La Vie Claire (an organic food retailer) will give its name to the team. Terraillon, Wonder and LOOK also appear on the jerseys. His communication team draws inspiration from the works of painter Piet Mondrian to create the new visual identity of the group and the LOOK brand.


From Wikipedia:


Pieter Cornelis Mondriaan (Dutch: [ˈpi:tər kɔrˈneːlɪs ˈmɔndrijaːn]), after 1906 known as Piet Mondrian (/piːt ˈmɒndriɑːn/, also US: /- ˈmɔːn-/, Dutch: [pit ˈmɔndrijɑn]; 7 March 1872 – 1 February 1944), was a Dutch painter and art theoretician who is regarded as one of the greatest artists of the 20th century. He is known for being one of the pioneers of 20th-century abstract art, as he changed his artistic direction from figurative painting to an increasingly abstract style, until he reached a point where his artistic vocabulary was reduced to simple geometric elements.


During late 1920 and 1921, Mondrian's paintings arrive at what is to casual observers their definitive and mature form. Thick black lines now separate the forms, which are larger and fewer in number, and more of the forms are left white. This was not the culmination of his artistic evolution, however. Although the refinements became subtler, Mondrian's work continued to evolve during his years in Paris.

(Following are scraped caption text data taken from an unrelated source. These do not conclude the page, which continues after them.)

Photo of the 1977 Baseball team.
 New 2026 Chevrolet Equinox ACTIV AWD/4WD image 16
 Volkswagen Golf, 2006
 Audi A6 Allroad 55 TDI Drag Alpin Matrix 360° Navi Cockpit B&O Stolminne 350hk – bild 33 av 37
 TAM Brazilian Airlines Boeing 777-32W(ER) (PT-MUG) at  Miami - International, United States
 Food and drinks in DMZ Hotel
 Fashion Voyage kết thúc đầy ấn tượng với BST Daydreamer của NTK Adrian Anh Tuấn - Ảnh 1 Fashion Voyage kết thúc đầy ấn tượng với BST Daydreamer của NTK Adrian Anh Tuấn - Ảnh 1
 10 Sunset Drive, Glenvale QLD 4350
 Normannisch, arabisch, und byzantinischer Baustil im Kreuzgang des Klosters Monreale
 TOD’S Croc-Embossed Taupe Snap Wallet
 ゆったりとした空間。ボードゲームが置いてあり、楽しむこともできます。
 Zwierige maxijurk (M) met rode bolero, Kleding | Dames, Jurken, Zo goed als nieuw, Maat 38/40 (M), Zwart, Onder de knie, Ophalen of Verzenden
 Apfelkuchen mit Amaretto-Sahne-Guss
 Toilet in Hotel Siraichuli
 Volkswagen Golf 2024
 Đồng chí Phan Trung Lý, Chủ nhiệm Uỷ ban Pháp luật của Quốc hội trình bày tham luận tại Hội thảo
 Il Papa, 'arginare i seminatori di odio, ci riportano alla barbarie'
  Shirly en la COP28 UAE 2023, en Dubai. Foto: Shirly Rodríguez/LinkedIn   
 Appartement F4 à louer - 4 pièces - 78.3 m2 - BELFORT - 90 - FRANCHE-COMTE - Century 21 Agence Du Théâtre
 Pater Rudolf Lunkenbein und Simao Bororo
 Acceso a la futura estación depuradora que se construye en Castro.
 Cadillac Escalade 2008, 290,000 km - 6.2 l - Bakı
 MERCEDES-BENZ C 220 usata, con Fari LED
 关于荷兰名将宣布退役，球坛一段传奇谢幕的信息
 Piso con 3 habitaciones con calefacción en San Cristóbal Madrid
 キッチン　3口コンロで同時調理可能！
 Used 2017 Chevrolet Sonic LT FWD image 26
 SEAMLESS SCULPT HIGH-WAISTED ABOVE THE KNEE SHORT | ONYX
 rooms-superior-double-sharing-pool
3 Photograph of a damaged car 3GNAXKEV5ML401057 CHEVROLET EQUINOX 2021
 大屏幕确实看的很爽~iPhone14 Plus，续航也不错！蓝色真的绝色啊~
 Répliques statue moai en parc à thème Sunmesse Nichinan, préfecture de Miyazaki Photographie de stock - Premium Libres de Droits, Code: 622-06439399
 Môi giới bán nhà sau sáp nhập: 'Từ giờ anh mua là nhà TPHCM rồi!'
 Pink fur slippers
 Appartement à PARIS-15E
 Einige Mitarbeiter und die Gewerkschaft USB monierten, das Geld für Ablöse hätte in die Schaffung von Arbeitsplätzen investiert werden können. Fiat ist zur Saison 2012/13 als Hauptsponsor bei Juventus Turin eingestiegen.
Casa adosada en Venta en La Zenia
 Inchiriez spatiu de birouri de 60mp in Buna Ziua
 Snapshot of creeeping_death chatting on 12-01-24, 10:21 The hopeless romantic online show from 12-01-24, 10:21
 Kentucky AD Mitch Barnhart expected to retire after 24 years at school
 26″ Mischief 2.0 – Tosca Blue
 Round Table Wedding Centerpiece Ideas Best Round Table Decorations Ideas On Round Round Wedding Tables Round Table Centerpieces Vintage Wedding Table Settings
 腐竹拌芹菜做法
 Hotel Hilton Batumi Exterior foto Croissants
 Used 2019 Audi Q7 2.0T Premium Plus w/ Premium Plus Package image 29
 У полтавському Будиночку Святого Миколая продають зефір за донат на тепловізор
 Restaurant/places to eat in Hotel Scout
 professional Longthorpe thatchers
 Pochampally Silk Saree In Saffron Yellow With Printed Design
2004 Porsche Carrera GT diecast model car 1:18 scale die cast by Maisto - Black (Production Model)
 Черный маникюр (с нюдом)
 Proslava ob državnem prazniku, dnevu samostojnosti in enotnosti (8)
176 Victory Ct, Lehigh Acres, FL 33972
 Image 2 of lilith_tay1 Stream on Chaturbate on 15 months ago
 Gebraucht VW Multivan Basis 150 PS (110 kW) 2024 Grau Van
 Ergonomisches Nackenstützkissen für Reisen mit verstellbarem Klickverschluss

In the 1921 paintings, many, though not all, of the black lines stop short at a seemingly arbitrary distance from the edge of the canvas, although the divisions between the rectangular forms remain intact. Here, too, the rectangular forms remain mostly colored. As the years passed and Mondrian's work evolved further, he began extending all of the lines to the edges of the canvas, and he began to use fewer and fewer colored forms, favoring white instead.